The expert group on cloud computing includes representatives of cloud service providers, consumers and SMEs, academics and legal professionals (see Annex). The first meeting is scheduled for 19-20 November 2013 and the group is expected to report back in spring 2014. The input will feed into a policy paper launching a broad public consultation on possible ways forward on cloud computing contracts for consumers and SMEs.
Background. On 27 September 2012, the European Commission adopted a strategy for “Unleashing the potential of cloud computing in Europe” (IP/12/1025, MEMO/12/713). The strategy is designed to increase the use of cloud computing across the economy. The Expert Group is a key part of this strategy and the Commission’s efforts to further boost the Digital Single Market. It builds on other legislative initiatives already put forward such as the EU data protection reform (MEMO/13/923) and the proposed Optional European Sales Law (MEMO/13/792).
The expert group is tasked with helping the Commission to explore ways to improve the legal framework for cloud computing contracts for consumers and SMEs (IP/13/590), so as to strengthen consumers’ and SMEs’ confidence in using cloud computing contracts.

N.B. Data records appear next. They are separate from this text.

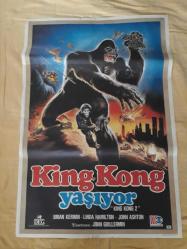 King Kong Yaşıyor Film Afişi / King Kong Lives Film Poster - 1986- John Guillermin, Brian Kerwin, Linda Hamilton, John Ashton (70x100cm)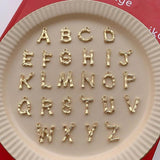 Copper Plated Letter Pendant for DIY Jewelry - 4pcs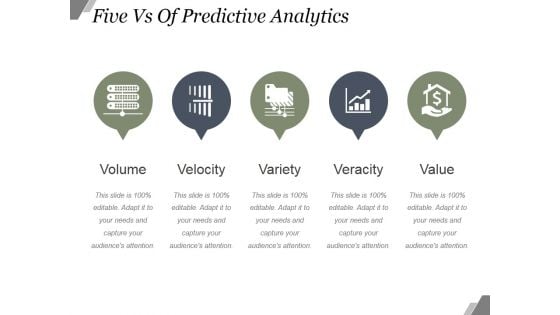 Five Vs Of Predictive Analytics Ppt PowerPoint Presentation Images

‘Cloud computing’ refers to the storage of data (such as text files, pictures and video) and software on remote computers, which users access over the internet on the device of their choice. This is faster, cheaper, more flexible and potentially more secure than on-site IT solutions. Many popular services such as Facebook, Spotify and web-based e-mail use cloud computing technologies but the real economic benefits come through widespread use of cloud solutions by businesses and the public sector.
The Commission’s Cloud Computing strategy comprises three key actions, one of which aims to identify safe and fair contract terms and conditions for cloud computing contracts. Model contract terms can help to facilitate contractual arrangements between cloud computing service providers and consumers and small firms. They can also facilitate the application of EU data protection rules to the extent that they are relevant to cloud computing contracts.

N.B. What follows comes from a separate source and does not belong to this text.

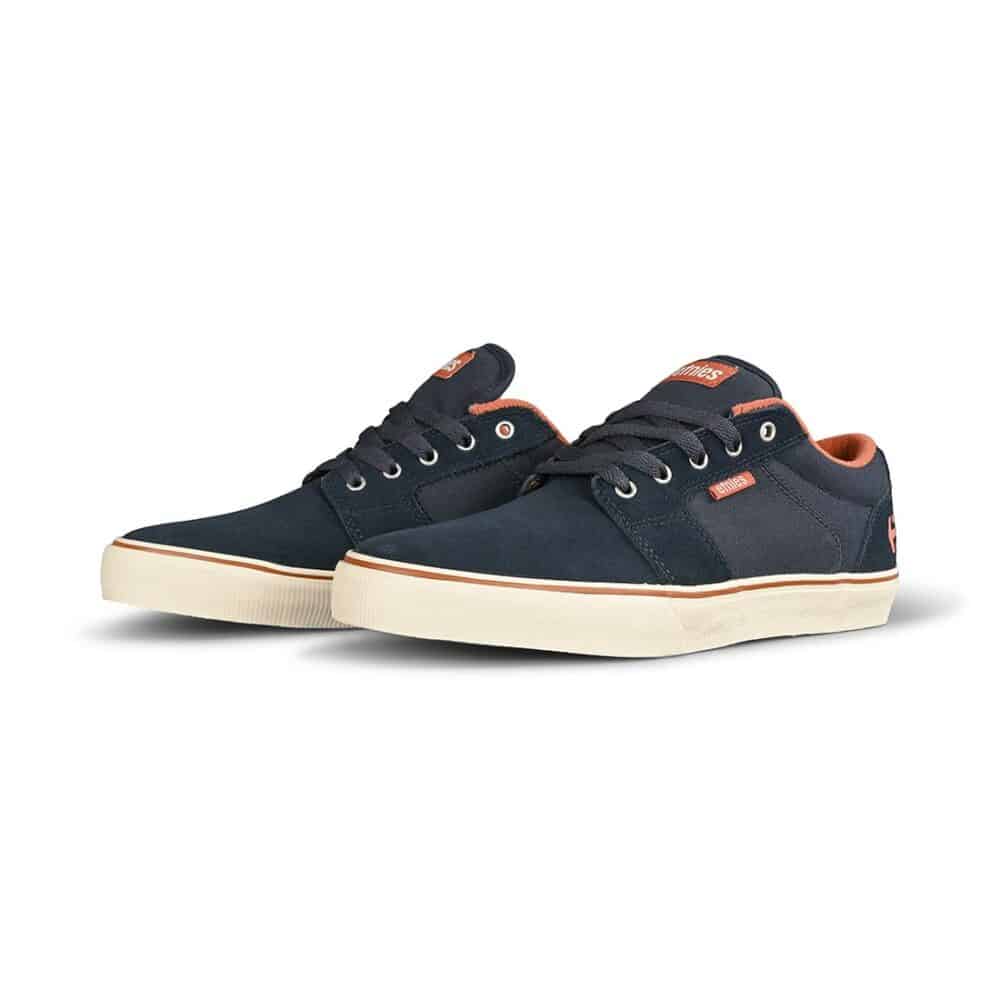 Etnies Barge LS Skate Shoes - Navy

The European Commission’s data protection reform proposals, which were backed last week by an overwhelming majority in the European Parliament (MEMO/13/923), will also establish a framework that will help encourage the development of cloud computing services. A swift adoption of the data protection reform would support the development of the digital single market, and help ensure that consumers and SMEs will benefit fully from growth in digital services and in cloud computing.

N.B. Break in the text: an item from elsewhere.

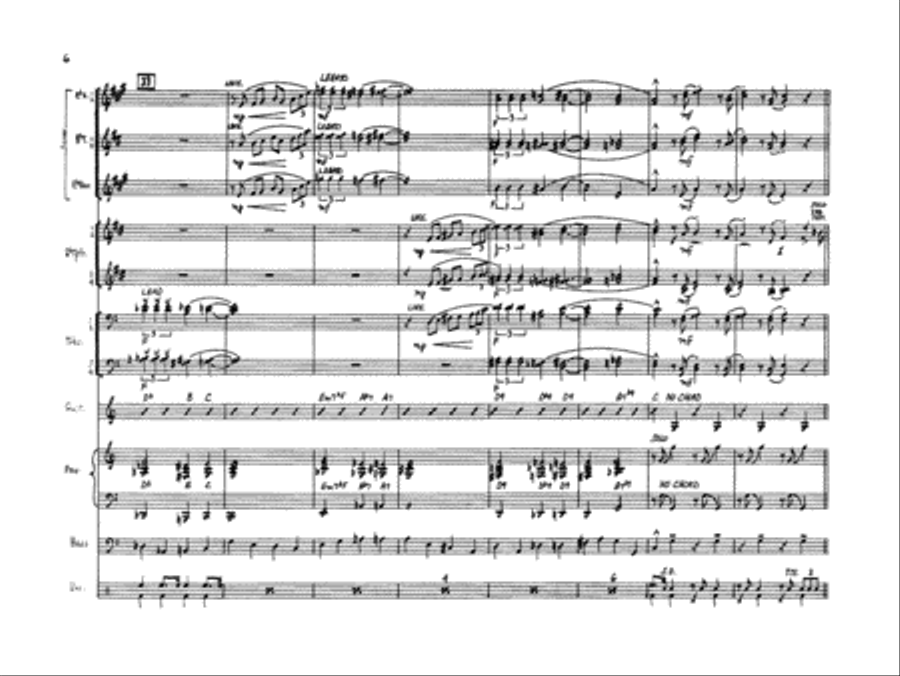 April in Paris: Score Jazz Ensemble scores gallery preview page 6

With the proposal for a Common European Sales Law, the Commission has already started to improve the legal framework for cloud computing contracts (MEMO/13/792). A Common European Sales Law will establish an optional EU-wide sales law, including fair and balanced rules, that consumers and SMEs will be able to use when buying digital products like music or software by downloading them from the cloud. The Expert group will do specific complementary work for those issues that lie beyond the Common European Sales Law to make sure that other contractual questions relevant for cloud computing services can be covered as well, by a similar optional instrument.